Exercise ::
Report each line of the records where "Condo" occurs.

Source records section start

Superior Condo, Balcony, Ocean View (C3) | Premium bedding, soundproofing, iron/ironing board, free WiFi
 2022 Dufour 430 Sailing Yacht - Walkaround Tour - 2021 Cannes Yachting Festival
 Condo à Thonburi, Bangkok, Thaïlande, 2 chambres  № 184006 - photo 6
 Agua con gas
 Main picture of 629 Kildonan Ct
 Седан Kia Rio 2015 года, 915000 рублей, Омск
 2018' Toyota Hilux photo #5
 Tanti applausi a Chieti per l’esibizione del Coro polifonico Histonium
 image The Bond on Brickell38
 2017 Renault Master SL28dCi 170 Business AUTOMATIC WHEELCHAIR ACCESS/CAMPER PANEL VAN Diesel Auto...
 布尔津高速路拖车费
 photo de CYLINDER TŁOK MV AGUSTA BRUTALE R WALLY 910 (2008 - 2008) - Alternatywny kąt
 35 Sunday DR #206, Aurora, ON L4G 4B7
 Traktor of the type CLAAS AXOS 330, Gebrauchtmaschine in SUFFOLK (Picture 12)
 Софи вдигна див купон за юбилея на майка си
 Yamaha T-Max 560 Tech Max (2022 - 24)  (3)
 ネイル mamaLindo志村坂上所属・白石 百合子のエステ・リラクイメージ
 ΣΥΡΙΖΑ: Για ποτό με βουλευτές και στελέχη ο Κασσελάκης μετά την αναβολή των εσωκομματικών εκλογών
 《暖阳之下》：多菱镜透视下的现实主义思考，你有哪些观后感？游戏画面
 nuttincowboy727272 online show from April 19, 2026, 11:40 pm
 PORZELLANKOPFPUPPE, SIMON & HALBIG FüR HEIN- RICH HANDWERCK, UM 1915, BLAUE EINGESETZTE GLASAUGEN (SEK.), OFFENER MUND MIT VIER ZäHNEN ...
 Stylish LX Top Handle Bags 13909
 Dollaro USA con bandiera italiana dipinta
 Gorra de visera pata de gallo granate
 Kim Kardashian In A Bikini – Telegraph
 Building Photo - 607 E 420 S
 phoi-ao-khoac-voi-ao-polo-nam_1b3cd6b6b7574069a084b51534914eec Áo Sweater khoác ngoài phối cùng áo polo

Source records section end

Written response ::
Superior Condo, Balcony, Ocean View (C3) | Premium bedding, soundproofing, iron/ironing board, free WiFi
 Condo à Thonburi, Bangkok, Thaïlande, 2 chambres  № 184006 - photo 6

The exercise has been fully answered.